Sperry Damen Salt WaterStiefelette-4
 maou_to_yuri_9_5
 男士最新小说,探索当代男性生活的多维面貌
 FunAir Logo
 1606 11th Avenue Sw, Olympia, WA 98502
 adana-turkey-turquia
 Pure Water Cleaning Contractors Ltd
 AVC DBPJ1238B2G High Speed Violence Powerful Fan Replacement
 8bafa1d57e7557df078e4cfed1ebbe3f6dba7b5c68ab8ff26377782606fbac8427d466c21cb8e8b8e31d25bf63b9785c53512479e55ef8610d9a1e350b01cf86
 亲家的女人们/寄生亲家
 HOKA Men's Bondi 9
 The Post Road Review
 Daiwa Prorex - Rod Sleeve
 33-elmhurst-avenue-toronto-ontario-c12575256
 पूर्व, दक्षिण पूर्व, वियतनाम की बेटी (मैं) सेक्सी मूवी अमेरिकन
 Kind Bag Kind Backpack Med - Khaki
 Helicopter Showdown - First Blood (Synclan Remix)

**What is expected:** Retype the whole listing without changing anything.

**Exercise result:**
Sperry Damen Salt WaterStiefelette-4
 maou_to_yuri_9_5
 男士最新小说,探索当代男性生活的多维面貌
 FunAir Logo
 1606 11th Avenue Sw, Olympia, WA 98502
 adana-turkey-turquia
 Pure Water Cleaning Contractors Ltd
 AVC DBPJ1238B2G High Speed Violence Powerful Fan Replacement
 8bafa1d57e7557df078e4cfed1ebbe3f6dba7b5c68ab8ff26377782606fbac8427d466c21cb8e8b8e31d25bf63b9785c53512479e55ef8610d9a1e350b01cf86
 亲家的女人们/寄生亲家
 HOKA Men's Bondi 9
 The Post Road Review
 Daiwa Prorex - Rod Sleeve
 33-elmhurst-avenue-toronto-ontario-c12575256
 पूर्व, दक्षिण पूर्व, वियतनाम की बेटी (मैं) सेक्सी मूवी अमेरिकन
 Kind Bag Kind Backpack Med - Khaki
 Helicopter Showdown - First Blood (Synclan Remix)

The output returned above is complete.